The Golden Age of American Entrepreneurship.


In an otherwise contentious 2016 U.S. presidential election, there will be one issue on which both candidates can agree: Entrepreneurship is good. Entrepreneurs have been embraced by both political parties, along with a wide swath of the American people, who tell pollsters they trust small business more than almost any other institution.

That is why some of the statistics about the state of American entrepreneurship are troubling. There has been a long-term decline in the number of new business starts. There are some recent years where more American businesses closed than opened. Quantitative measures of business formation paint a grim portrait of a supposedly entrepreneurial nation.

These numbers are not just cherry-picked factoids by pundits with axes to grind. These facts are accepted by a broad consensus of mainstream economists working with U.S. government statistics on business startup activity.

On the other hand, if we look only at Silicon Valley, New York or Boston, and other highly educated, high-technology regions, we find an entirely different view of American entrepreneurship. Despite the aftermath of Brexit and some recent reminders that the laws of gravity also apply to startup valuations, entrepreneurship is still incredibly hot.

New companies are being started and funded every day, targeting billion-dollar markets and attracting the best and brightest minds of our generation. The innovations these companies produce will almost surely transform the way that daily life operates. Indeed, the term unicorn, which applies to companies valued at over $1 billion, was initially coined because it signified something elusive, rare — but the term has lost that meaning. With more than 170 private companies with valuations of over $1 billion, we might just be living in the golden age of American entrepreneurship.

So what is going on? How can both sets of facts be true at the same time? How can more businesses be closing than opening (true) during the same period in which smart money will tell you there has never been a better time to start a new venture (probably also true)? The answer lies in which data you are looking at and, more importantly, how you measure entrepreneurship.

Many U.S. government statistical series that count employment in newly started firms suggest that entrepreneurship is declining in the U.S., and has been for a long time. Data from the U.S. Census clearly show that the rate of new firm creation has been steadily declining since the 1970s.
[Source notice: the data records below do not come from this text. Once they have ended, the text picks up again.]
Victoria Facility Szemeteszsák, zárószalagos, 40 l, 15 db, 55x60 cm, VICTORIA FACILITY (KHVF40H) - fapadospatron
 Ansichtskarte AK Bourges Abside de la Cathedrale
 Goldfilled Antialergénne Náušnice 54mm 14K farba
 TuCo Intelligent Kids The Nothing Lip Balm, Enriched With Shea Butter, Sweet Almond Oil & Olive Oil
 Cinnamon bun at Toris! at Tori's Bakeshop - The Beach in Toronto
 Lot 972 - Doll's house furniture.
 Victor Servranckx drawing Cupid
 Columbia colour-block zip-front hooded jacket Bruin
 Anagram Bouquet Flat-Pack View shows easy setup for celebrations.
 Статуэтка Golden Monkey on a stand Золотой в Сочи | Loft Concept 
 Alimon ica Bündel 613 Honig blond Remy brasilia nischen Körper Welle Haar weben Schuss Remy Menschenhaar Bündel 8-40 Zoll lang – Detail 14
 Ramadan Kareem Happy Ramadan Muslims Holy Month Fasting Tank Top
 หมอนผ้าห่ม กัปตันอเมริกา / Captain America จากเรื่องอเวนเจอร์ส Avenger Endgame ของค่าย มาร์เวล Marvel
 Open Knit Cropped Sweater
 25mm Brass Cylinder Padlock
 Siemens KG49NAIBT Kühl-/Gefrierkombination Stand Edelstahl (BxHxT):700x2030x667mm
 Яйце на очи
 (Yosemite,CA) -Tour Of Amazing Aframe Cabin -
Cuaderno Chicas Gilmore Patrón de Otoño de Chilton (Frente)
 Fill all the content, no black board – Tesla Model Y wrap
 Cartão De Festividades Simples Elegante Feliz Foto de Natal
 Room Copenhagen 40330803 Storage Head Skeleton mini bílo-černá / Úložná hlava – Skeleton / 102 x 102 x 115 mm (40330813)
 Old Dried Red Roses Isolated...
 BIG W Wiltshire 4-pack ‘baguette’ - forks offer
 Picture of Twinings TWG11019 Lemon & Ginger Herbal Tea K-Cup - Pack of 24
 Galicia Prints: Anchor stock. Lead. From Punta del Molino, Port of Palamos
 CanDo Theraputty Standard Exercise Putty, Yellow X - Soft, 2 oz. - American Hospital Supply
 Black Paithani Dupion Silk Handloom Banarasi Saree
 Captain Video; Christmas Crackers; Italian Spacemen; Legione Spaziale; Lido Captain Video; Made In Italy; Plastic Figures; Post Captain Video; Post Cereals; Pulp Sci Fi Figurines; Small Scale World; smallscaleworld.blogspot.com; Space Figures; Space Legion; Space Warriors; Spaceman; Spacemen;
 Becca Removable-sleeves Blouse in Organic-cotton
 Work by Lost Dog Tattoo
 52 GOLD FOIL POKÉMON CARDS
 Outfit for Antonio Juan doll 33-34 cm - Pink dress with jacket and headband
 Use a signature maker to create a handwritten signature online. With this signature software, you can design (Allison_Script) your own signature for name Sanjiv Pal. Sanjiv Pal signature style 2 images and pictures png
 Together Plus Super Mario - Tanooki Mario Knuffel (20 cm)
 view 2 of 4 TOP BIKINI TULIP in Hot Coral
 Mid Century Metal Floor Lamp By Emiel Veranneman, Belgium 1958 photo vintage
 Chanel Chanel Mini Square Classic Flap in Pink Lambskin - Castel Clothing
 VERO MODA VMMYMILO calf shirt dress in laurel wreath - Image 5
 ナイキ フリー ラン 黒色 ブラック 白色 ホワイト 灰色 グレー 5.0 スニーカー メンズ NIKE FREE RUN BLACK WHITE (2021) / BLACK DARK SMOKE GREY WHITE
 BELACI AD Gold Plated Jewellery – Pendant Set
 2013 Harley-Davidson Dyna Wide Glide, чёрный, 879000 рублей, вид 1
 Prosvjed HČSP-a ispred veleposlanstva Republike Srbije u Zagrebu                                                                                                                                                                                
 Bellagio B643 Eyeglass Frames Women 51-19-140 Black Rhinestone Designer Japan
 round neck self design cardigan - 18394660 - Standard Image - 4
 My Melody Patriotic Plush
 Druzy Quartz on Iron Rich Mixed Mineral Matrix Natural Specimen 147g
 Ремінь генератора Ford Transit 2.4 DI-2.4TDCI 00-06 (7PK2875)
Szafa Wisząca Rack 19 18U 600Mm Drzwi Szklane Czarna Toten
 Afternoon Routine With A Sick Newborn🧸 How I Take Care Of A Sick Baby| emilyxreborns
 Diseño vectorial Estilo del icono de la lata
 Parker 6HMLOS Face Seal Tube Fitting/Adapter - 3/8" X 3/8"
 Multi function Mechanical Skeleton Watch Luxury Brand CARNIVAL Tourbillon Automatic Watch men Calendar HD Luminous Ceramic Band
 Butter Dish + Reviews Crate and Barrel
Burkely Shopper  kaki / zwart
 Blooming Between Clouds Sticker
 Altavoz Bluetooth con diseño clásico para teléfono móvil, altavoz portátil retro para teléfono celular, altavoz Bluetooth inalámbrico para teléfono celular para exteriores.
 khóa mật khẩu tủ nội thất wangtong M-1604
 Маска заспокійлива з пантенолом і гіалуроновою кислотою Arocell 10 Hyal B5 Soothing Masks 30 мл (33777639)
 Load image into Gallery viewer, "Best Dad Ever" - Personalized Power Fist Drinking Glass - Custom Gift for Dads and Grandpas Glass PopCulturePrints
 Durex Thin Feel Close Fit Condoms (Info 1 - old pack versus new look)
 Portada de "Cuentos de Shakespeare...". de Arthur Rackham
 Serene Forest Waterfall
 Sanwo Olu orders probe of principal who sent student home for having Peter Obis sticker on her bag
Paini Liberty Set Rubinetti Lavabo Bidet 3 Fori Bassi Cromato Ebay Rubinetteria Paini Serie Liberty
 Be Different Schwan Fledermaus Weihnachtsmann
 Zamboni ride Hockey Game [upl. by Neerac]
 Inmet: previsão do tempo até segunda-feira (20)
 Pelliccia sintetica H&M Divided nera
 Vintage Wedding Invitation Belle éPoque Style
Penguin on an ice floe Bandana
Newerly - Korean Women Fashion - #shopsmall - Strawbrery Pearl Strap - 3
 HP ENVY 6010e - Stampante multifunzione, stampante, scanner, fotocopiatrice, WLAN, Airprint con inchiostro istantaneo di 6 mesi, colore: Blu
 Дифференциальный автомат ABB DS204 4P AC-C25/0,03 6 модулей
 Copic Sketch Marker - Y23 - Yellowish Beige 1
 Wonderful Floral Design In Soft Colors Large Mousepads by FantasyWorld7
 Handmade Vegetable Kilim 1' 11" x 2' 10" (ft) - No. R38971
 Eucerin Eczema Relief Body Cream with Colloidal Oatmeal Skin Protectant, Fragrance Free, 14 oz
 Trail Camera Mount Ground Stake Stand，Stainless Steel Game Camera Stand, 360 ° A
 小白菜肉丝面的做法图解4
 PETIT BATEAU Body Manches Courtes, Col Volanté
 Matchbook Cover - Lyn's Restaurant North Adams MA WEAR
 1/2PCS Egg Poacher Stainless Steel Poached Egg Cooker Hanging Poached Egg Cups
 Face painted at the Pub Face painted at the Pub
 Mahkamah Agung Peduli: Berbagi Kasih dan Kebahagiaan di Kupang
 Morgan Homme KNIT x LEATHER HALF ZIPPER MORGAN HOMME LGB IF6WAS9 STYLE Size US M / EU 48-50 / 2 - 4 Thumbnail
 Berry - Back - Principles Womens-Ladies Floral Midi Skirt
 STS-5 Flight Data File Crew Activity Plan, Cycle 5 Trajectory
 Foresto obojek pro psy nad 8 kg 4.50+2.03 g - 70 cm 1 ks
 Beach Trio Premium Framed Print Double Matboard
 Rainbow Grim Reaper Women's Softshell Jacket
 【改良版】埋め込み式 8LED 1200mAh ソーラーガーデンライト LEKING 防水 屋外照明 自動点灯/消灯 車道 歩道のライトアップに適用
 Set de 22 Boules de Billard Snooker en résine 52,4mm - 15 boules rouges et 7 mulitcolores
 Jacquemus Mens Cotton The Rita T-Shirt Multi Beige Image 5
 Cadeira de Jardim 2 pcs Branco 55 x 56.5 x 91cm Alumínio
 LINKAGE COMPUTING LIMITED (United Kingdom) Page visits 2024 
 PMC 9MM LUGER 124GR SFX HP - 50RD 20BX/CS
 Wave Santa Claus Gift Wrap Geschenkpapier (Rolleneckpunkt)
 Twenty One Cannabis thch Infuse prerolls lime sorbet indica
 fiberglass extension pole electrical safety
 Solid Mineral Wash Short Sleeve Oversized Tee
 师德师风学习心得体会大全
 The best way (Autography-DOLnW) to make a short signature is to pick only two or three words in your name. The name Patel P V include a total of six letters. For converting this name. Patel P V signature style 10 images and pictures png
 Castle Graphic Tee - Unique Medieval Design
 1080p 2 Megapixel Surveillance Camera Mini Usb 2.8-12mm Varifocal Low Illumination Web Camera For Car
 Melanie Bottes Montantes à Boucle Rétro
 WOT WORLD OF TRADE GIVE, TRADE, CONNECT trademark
While the rate of new firm creation ticked up briefly between 2002 and 2007, it has plummeted in the aftermath of the financial crisis. In the mid-to-late 1970s, there were about 1.5 new firms created for every firm that exited the economy, but after more than 30 years of secular decline in the rate of firm creation, firm deaths now outnumber firm births — and have since the Great Recession.  Entrepreneurship is getting more selective.

However, when we move from simple counts of employees at newly created firms — including the vast majority of small businesses that have low growth potential and little intention to grow — to measures of entrepreneurship that place more weight on innovation, other teams of researchers have found no evidence at all that entrepreneurship is on the decline in the U.S. In fact, the quality of entrepreneurial ventures being started today could be at an all-time high.

The economists Jorge Guzman and Scott Stern at MIT have used state business registration data to zero in on businesses that are formed by founders that intend to grow. Their key insight is that many characteristics observable at firm founding are predictive of the intention to grow.

For example, formal business registration is a mandatory first step for any business with any intention of growing — incorporating in business-friendly Delaware also raises the odds. So does an application to protect intellectual property.

Using these cues, and others, Stern and Guzman build a statistical model that predicts entrepreneurial quality. With their quality-weighted entrepreneurial index, which does a good job of tracking broader economic fluctuations, they find no evidence of a decline in American entrepreneurship.

In short, both of the competing narratives about American entrepreneurship are true because we are witnessing a divergence based on the skill set of would-be founders. Fewer new businesses are being started in aggregate, but the expected quality of the new businesses that are starting is high — possibly higher than ever before. Entrepreneurship is getting more selective.